Microsoft Fabric: Data pipelines part 2 | Baker Tilly

Have questions about the Moss Adams combination? We're here to help. Submit your inquiry.

Loading...

Microsoft Fabric: Data pipelines part 2 | Baker Tilly

Capture pipeline audit data

An important part of the data factory pipeline process is monitoring and auditing your pipeline processes. Luckily, data factory pipelines have some built in variables that allow for an easy capture of this audit data.

Before capturing the audit data from our pipeline runs, we need to first establish a lakehouse table to store that data. Below are code snippets from a notebook that can be executed to create your audit_pipeline_run delta table:

Cell 1 - Spark configuration

spark.conf.set("spark.sql.parquet.vorder.enabled", "true")
spark.conf.set("spark.microsoft.delta.optimizeWrite.enabled", "true")
spark.conf.set("spark.microsoft.delta.optimizeWrite.binSize", "1073741824")

Cell 2 – Create delta table

from pyspark.sql.functions import *

from pyspark.sql.types import StructType, StructField, StringType, IntegerType, TimestampType, ArrayType

schema = StructType([
StructField("PipelineRunId", StringType()),
StructField("PipelineId", StringType()),
StructField("StartTimeUTC", StringType()),
StructField("EndTimeUTC", StringType()),
StructField("WorkspaceId", StringType()),
StructField("PipelineTriggerId", StringType()),
StructField("ParentPipelineRunId", StringType()),
StructField("PipelineCompletedSuccessfully", IntegerType()),
StructField("Process", StringType())
])

data = []

table_name = "audit_pipeline_run"

metadata_df = spark.createDataFrame(data=data, schema=schema)

metadata_df.write.mode("overwrite").option("overwriteSchema", "true").format("delta").save("Tables/" + table_name)
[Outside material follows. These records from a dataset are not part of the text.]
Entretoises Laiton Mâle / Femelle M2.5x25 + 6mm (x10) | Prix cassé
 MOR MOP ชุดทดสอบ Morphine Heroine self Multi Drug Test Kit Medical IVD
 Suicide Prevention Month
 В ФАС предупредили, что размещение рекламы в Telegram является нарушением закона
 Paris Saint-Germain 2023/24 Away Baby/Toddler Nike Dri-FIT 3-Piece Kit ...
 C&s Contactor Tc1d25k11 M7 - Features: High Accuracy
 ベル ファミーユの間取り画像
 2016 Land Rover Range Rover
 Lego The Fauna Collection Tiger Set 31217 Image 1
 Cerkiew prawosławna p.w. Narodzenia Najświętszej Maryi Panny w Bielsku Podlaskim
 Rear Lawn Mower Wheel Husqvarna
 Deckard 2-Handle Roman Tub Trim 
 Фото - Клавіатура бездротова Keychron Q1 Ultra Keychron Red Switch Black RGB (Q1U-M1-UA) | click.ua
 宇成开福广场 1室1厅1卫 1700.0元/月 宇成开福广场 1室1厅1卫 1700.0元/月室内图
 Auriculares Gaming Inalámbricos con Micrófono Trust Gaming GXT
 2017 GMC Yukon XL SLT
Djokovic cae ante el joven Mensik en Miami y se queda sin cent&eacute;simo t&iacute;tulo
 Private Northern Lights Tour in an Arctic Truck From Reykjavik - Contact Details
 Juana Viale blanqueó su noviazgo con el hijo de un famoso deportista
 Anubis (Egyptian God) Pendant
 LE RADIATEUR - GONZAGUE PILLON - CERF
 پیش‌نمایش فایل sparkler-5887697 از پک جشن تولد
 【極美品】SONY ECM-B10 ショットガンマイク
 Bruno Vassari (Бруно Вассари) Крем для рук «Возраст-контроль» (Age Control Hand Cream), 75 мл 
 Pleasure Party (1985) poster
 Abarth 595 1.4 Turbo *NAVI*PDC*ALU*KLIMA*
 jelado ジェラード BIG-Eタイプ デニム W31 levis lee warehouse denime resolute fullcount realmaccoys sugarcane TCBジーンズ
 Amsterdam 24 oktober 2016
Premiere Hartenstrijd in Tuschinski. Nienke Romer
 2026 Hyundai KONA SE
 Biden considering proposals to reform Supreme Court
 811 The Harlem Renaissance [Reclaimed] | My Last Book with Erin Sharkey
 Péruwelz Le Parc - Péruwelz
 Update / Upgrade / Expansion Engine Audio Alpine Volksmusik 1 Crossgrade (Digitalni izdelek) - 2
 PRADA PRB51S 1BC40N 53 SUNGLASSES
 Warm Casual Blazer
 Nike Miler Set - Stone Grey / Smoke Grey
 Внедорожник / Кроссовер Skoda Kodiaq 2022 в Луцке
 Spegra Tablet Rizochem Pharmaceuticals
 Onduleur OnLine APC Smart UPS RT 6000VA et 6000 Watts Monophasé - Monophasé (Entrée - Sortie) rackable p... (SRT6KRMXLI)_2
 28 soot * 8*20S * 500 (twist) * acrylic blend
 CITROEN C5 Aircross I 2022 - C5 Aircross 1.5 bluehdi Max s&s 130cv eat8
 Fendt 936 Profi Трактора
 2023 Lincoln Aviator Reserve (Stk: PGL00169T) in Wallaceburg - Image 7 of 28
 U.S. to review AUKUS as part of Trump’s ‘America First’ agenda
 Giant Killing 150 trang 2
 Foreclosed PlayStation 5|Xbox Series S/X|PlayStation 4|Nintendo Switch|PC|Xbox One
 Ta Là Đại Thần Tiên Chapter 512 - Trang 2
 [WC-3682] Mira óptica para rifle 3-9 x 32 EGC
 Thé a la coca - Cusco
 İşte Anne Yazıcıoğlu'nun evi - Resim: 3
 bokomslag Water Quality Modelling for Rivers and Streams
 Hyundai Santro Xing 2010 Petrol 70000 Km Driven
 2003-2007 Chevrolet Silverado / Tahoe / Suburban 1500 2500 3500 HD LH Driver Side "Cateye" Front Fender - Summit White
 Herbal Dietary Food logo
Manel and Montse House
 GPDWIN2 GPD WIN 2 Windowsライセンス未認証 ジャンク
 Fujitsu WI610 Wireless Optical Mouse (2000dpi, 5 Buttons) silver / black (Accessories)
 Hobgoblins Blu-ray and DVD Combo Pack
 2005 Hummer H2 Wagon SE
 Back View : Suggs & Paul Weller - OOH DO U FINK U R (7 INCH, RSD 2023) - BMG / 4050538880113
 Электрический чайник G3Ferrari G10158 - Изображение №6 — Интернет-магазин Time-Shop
2. Next you will need to create a notebook that inserts and updates your audit record for each pipeline run. This notebook will be called in your data factory pipeline in a later step. Below are code snippets that you will need to save as a notebook in your Fabric workspace:

Cell 1 – Spark configuration

spark.conf.set("spark.sql.parquet.vorder.enabled", "true")
spark.conf.set("spark.microsoft.delta.optimizeWrite.enabled", "true")
spark.conf.set("spark.microsoft.delta.optimizeWrite.binSize", "1073741824")

Cell 2 – Parameter cell
Important: this cell needs to be toggled as a parameter cell in order to pass values between your notebook and a data factory pipeline.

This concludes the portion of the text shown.